▶ Aim of the exercise: Lines to return, exactly: from the line with "6315 Luglio Ln" to the line with "Christmas Ornament Display 1" in the entries below, both included.

▶ Study material:
- Opening Delimiter -
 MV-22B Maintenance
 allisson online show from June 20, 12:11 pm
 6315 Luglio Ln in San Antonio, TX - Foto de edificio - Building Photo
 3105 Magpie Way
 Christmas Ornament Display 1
- Closing Delimiter -
- Opening Delimiter -
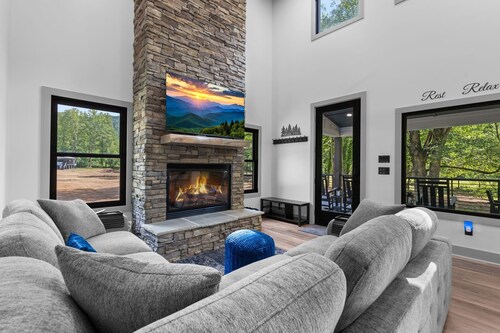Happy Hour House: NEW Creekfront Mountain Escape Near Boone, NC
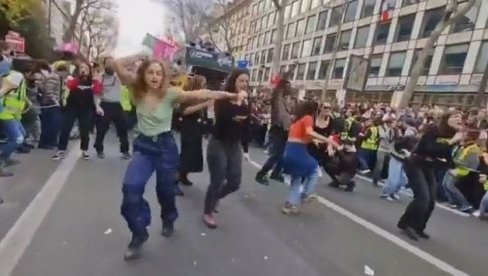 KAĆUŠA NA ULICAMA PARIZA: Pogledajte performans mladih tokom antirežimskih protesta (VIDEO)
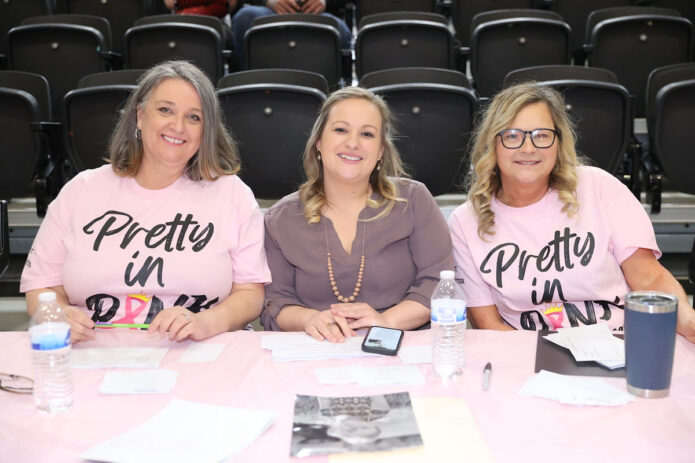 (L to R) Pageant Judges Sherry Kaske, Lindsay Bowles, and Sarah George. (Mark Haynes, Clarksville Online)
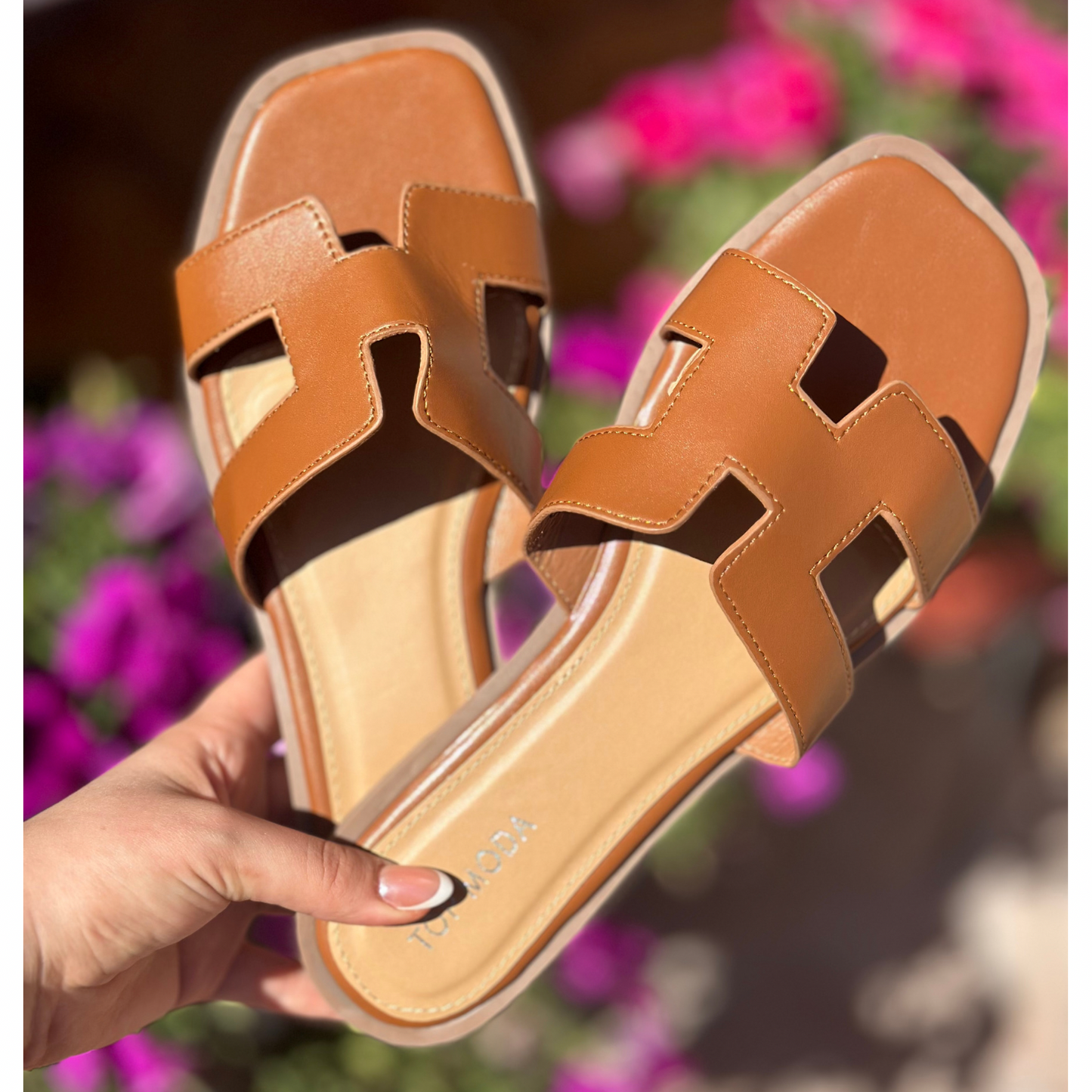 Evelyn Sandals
- Closing Delimiter -
▶ Written answer:
 6315 Luglio Ln in San Antonio, TX - Foto de edificio - Building Photo
 3105 Magpie Way
 Christmas Ornament Display 1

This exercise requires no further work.